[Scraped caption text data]
-*-*-

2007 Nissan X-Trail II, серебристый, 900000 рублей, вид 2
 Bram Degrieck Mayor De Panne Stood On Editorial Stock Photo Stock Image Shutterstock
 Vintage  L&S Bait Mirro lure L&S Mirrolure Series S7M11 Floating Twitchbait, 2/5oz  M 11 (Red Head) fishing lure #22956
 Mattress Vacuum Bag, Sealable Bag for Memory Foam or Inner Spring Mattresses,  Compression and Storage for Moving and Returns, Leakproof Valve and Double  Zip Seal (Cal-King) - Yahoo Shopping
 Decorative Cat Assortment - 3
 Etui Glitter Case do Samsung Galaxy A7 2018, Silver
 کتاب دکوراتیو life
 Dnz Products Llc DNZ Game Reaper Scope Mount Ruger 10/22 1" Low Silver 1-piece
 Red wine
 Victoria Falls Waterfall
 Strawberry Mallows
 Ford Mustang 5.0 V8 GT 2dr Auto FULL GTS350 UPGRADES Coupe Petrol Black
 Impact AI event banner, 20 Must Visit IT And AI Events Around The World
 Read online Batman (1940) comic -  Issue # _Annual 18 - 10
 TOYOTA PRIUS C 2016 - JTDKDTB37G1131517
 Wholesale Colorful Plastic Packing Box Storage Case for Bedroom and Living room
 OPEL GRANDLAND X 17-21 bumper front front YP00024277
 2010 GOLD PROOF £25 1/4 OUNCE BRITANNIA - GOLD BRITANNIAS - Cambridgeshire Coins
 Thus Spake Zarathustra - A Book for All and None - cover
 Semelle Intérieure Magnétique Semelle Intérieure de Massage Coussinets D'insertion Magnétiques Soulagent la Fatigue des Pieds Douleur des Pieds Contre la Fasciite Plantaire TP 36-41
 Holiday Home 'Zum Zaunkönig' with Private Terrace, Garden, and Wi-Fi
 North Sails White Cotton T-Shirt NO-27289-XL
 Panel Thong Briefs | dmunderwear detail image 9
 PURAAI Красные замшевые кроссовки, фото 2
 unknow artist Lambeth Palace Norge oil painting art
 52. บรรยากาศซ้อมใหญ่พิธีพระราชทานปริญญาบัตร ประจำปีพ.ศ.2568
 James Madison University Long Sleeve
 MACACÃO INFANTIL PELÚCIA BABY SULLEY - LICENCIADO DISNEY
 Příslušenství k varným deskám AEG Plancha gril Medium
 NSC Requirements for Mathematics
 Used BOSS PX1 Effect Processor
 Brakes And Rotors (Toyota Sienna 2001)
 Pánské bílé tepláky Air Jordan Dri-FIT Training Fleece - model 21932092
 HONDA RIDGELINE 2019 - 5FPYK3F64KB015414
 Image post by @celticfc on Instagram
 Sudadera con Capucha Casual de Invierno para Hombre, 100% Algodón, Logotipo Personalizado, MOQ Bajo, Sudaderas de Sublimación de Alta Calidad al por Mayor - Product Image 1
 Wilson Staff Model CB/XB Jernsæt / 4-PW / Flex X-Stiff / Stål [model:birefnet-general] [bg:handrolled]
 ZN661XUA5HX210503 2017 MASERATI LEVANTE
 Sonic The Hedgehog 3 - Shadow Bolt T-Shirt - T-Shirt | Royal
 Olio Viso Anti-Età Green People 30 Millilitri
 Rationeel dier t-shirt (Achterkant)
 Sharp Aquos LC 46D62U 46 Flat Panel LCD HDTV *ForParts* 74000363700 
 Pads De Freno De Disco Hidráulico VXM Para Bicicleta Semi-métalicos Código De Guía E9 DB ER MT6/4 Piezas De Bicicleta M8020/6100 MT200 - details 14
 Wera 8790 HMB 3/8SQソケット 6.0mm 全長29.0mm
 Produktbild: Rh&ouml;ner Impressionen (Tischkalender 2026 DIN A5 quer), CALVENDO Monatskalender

-*-*-

- _YOUR OBJECTIVE_
Return only the count of lines in the records that hold the word "Storage".

- _COMPLETED EXERCISE_
2